Читатель предшествующих эпизодов этих воспоминаний уже знает о последствиях для здоровья моей мамы и старшего брата Аркадия долговременного голода и, по существу, постоянного нервного стресса, которые принесла им война. В свои десять лет я проклинал ее, безмерно ненавидя не того всевластного «хозяина» СССР, что с преступной безответственностью сначала держал свой народ в неведении, а после захвата немцами огромной части страны объявил советских военнопленных преступниками и миллионы оккупированных жителей предателями, но только самих зачинщиков войны.
А ими были немцы. И мне мало было возмездия, полученного где-то в немецком Нюрнберге высокопоставленными подельниками Гитлера. Для меня всякий немец в военной форме, каких я видел, тоже был гитлеровцем.

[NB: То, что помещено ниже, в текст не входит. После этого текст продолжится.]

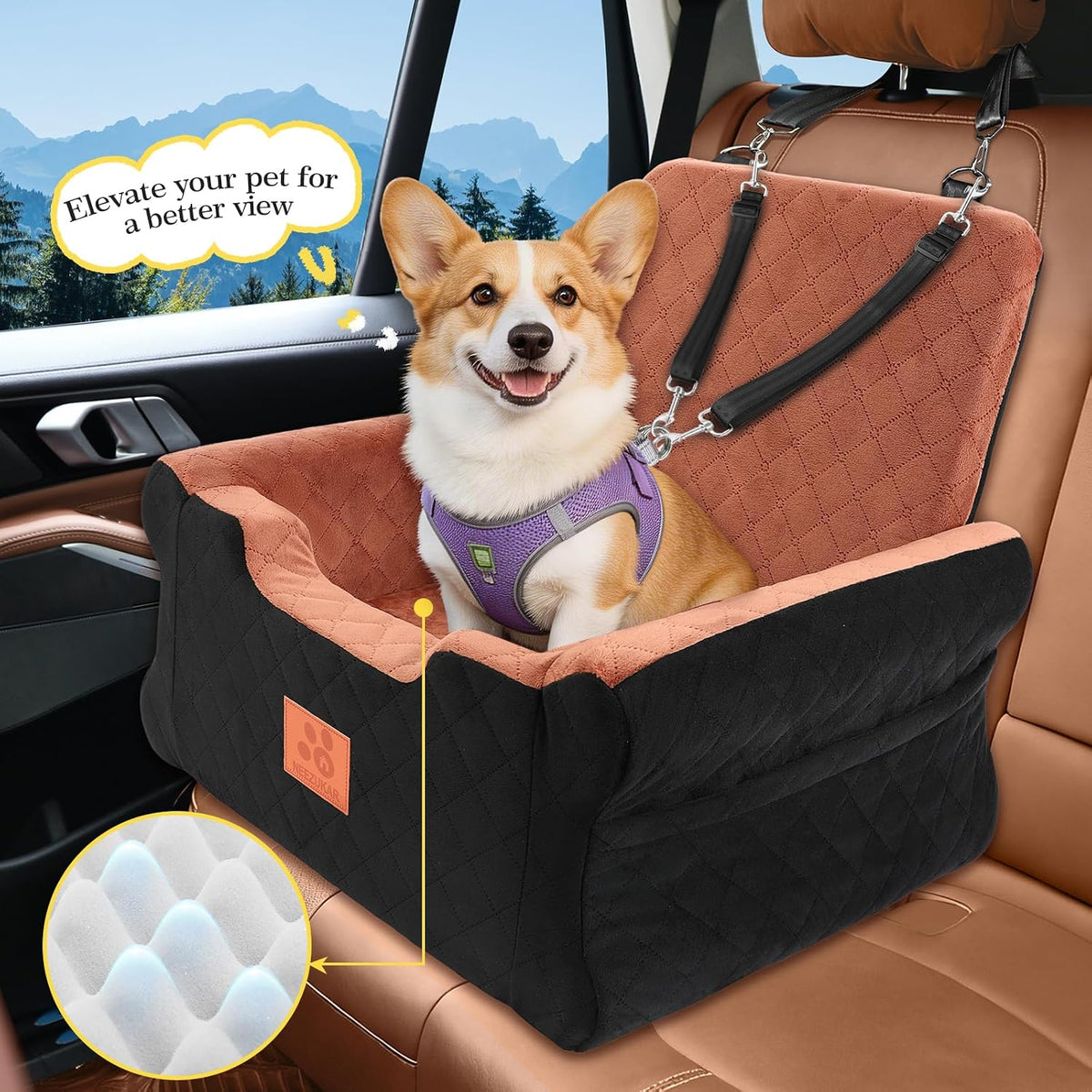 NEEZUKAR Dog Car Seat for Small Medium Dogs,Dog Booster Seat under 35 Lbs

Встречать же немцев я продолжал и в послевоенном Новозыбкове. Чаще всего это бывало, когда в свои, а не Женины (мы заменяли друг друга) дни недели я был обязан раздобыть корзину ботвы для заведенного матерью поросенка. Сочней всего она вырастала у свеклы и других корнеплодов, но наш куцый городской огород отдавался прежде всего под картошку и одну-две грядки моркови и салата. Как выяснилось, с ботвой во вкусах не только поросенка, но и нас самих успешно соперничала лебеда (ее клали и в суп), и не одна огородная, где она быстро кончалась, а та, что обильно росла в оставшихся от военных бомбежек новозыбковских развалинах с затененной и влажной в любую жару землей. Больше всего их было в центре города, куда строем, на восстановление зданий, приходили под охраной и пленные немцы. Не раз, проходя мимо, я сжимал свой самоварный краник, собираясь метнуть его в кого-то из моих врагов, но… что-то невольно меня останавливало. «Нет, при конвоирах, – оправдывал я себя, – это не годится, другое дело, если бы столкнуться с гитлеровцем один на один».

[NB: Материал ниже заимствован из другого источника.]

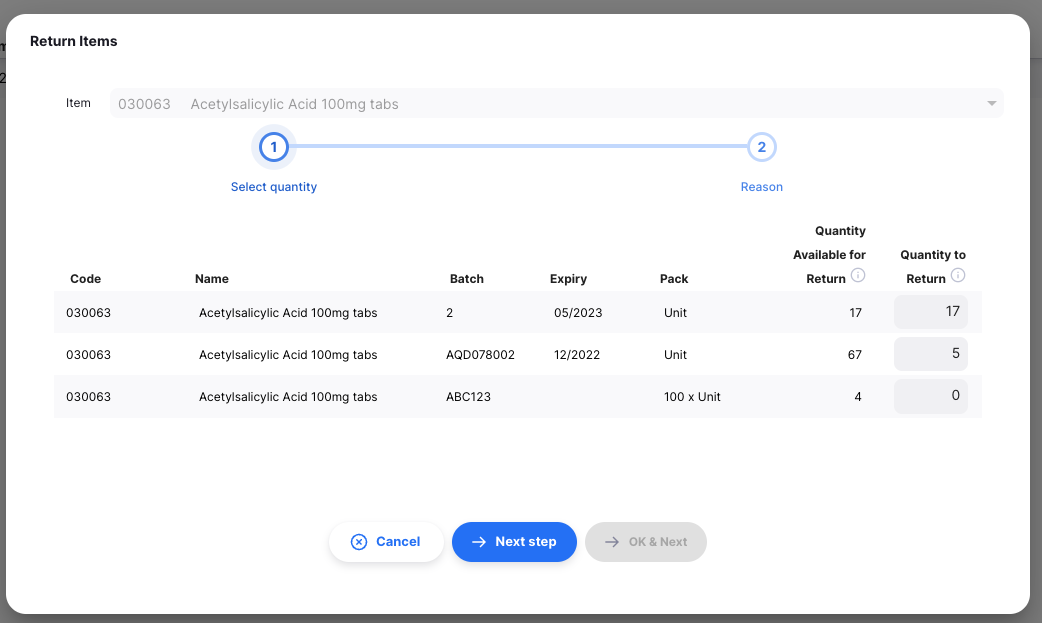 Set quantities to return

И вот такой момент наконец-то настал. Немец сделал уже несколько шагов ко мне. Я прекрасно различал его пилотку в виде опрокинутого сдавленного котелка с козырьком, изрядно поношенный, но чистый и опрятный френч с нагрудными карманами и такие же брюки («Где и когда они успевают их стирать?» – пронеслось у меня), истертые, но цельные ботинки с коротким голенищем и самую физиономию, осунувшуюся, но не истощенную и, что больше всего меня возмутило, – добродушно и как-то смущенно улыбающуюся…

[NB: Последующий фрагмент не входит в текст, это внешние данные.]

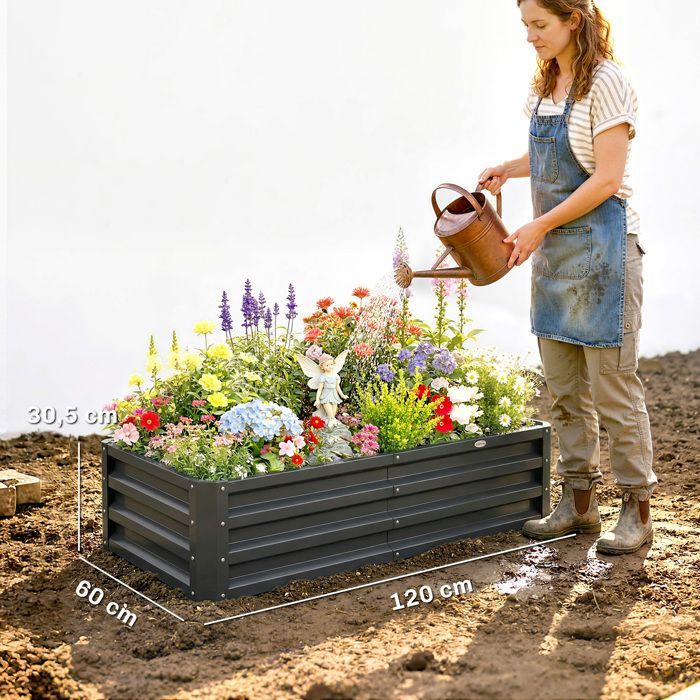Huerto de jardín Outsunny - rectangular - gran capacidad - acero galvanizado - 120 x 60 x 30,5 cm - gris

Как я понял позже, ко мне приближался унтер-офицер или солдат в возрасте моего родившегося в 1902 году отца, из тех немцев, что были мобилизованы не раньше чем за полгода до окончания войны, и почти сразу попали или сдались в плен. Таких вояк мы с Женей уже без прежней ненависти встретим и в 1948–1949 годах, в том числе и в роли не торгующихся покупателей наших домашних помидоров («баклажанов»), выращенных матерью только на продажу – ради и ничтожной толики денег, собираемых ею на лечение Аркадия.